Penitencio-me inclusive, já que ao enxergar os absurdos e equívocos de um desgoverno como o atual, da Dilma, que conseguiu piorar o já detestável governo de Lula, em diversos aspectos, passo a lançar mão de alegorias e caricaturas para detonar o que acho um governo que está criando atraso e desagregação.

Isto dito, minha reflexão e o convite ao leitor é pensarmos como podemos ficar um pouco a salvo (eu inclusive) das cores fortíssimas que passam a colorir a paisagem política, sem que nos tornemos maus, mesquinhos e destrutivos.

A radicalização que está se formando no horizonte convida a confrontos e destrói a própria natureza da política, como prática, ciência e arte. O país amadurece quando admite a assistência aos desprovidos e sua inclusão na economia, sociedade e ensino, mas ao se transformar tal bandeira em um regime exclusivo, ao eliminar outras parcelas tão importantes da sociedade, jogando-lhes a pecha de sabotadores de um programa de governo, cai por terra qualquer argumento favorável à integralidade das ações governamentais.

Ao falar em opinião livre e política, fica o gosto amargo na boca sobre o atualíssimo caso da saúde e importação de médicos, promovido por um ministro que deseja-se governador de SP. O governo desconhece opiniões contrárias, desmoraliza os dirigentes de uma das classes que mais goza de credibilidade no país, como os médicos. Assim, dá-se exemplo de como sabotar a sociedade, colocando uma agenda mesquinha diante do interesse público, do debate, meramente para garantir a sua permanência no poder, ao que tudo parece. 
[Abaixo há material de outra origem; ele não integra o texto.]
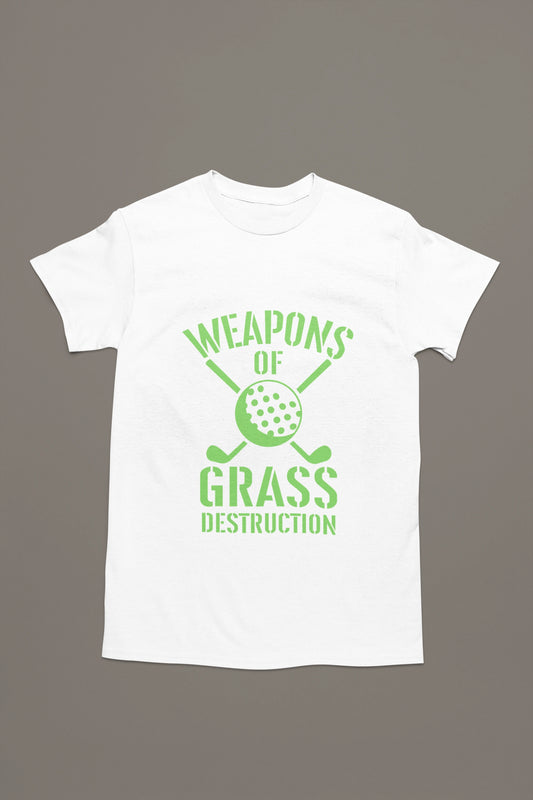 Weapons of Grass Destruction - Golf T-shirt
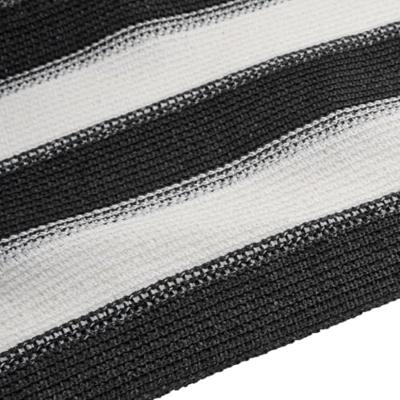 Privacynet 75 g/m 1,5x25 m HDPE antracietkleurig en wit - thumbnail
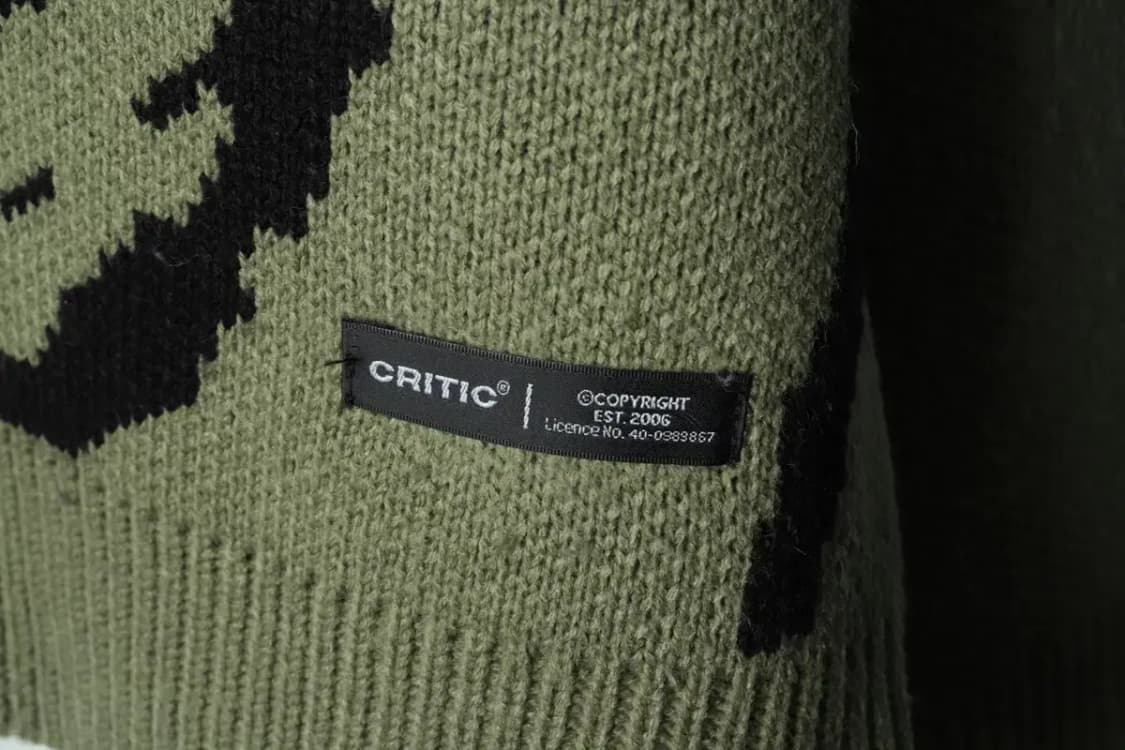 (M-L) 크리틱 니트 오버사이즈 카키 스트릿-1680C 상품이미지5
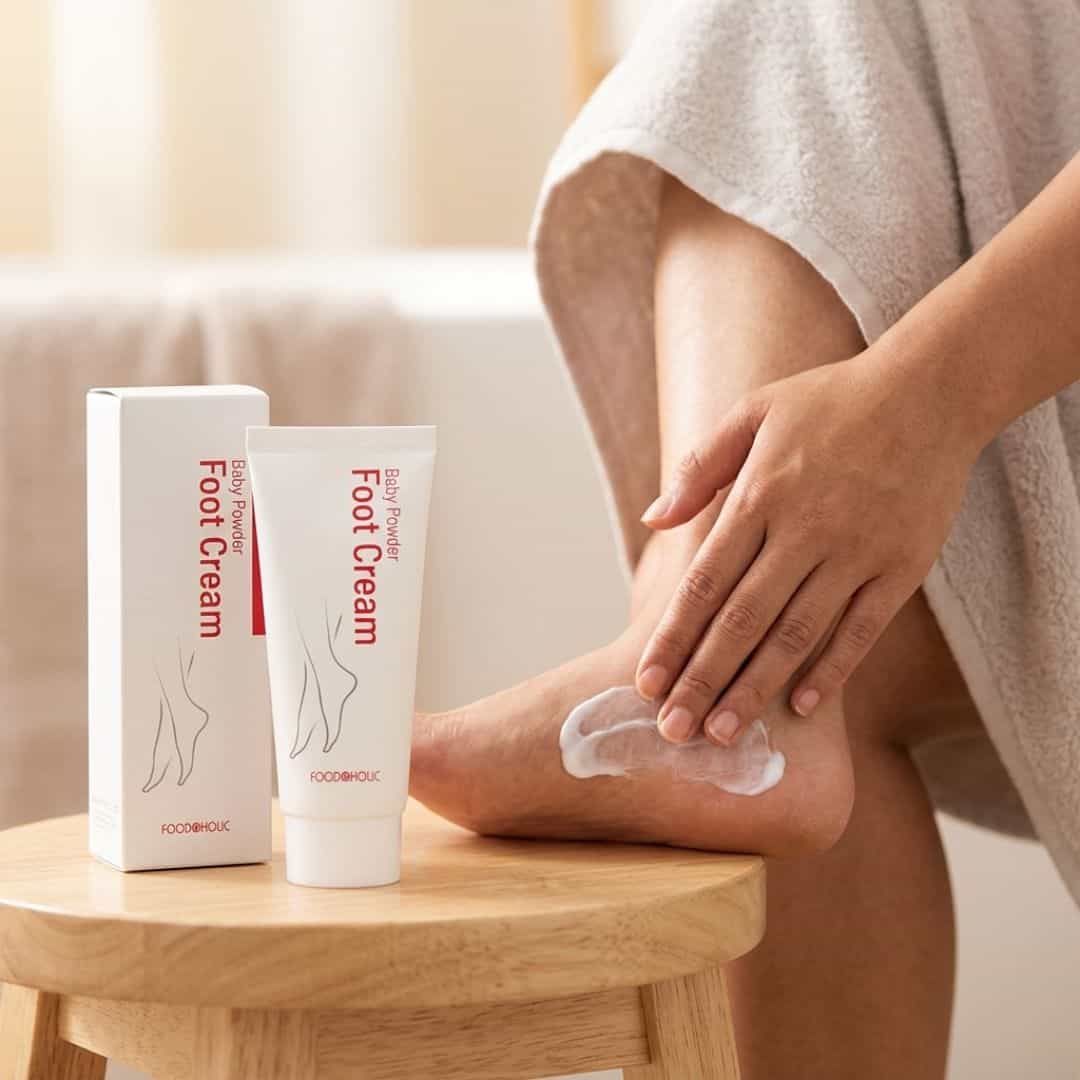 Foodaholic Baby Powder Foot Cream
Esse fato maléfico, associado a tantas outras obtusidades da administração, levam a crer que esse governo cava sua falta de legitimidade, insiste na insensibilidade no exercício do poder, resultando no desestímulo econômico e social crescente. 

Essa parece ser a receita do fracasso, a despeito das emendas bondosas e tantos outros estratagemas para "dourar a pílula". 

Como não teremos golpe de estado, pela mesma razão pela qual Lula não sofreu Impeachment pelo Mensalão, em virtude das vozes que se levantam e dos "pensamentos livres", estamos fadados a reconhecer que haverá mudança de poder.

O lastimátvel é que tudo anuncia que a transição será traumática, um processo destrutivo, muito antes de ser criativo como o brasileiro realmente gosta.